START Available records

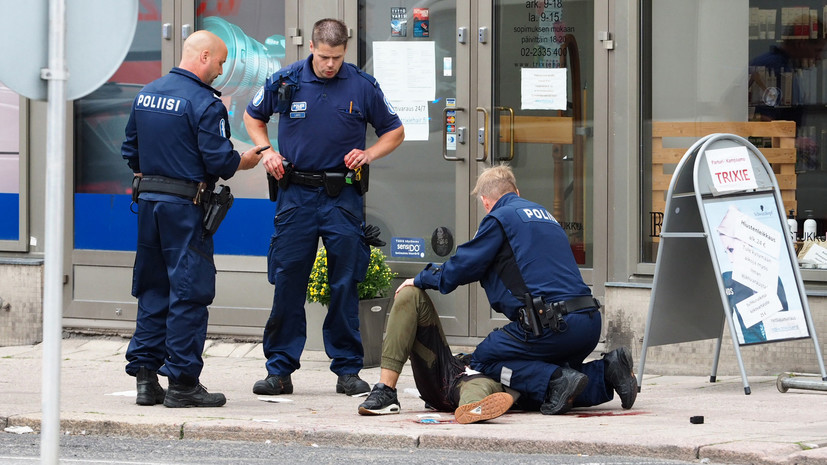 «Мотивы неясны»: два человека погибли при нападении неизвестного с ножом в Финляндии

END Available records
START Available records

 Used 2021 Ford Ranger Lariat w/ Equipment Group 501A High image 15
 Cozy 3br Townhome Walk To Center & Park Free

END Available records

Exercise goal: Everything from the line with "Used 2021 Ford" through the line with "Cozy 3br Townhome Walk To Center & Park Free" should be written out exactly as it appears above, end lines included, and nothing outside that range.

Answer box:
 Used 2021 Ford Ranger Lariat w/ Equipment Group 501A High image 15
 Cozy 3br Townhome Walk To Center & Park Free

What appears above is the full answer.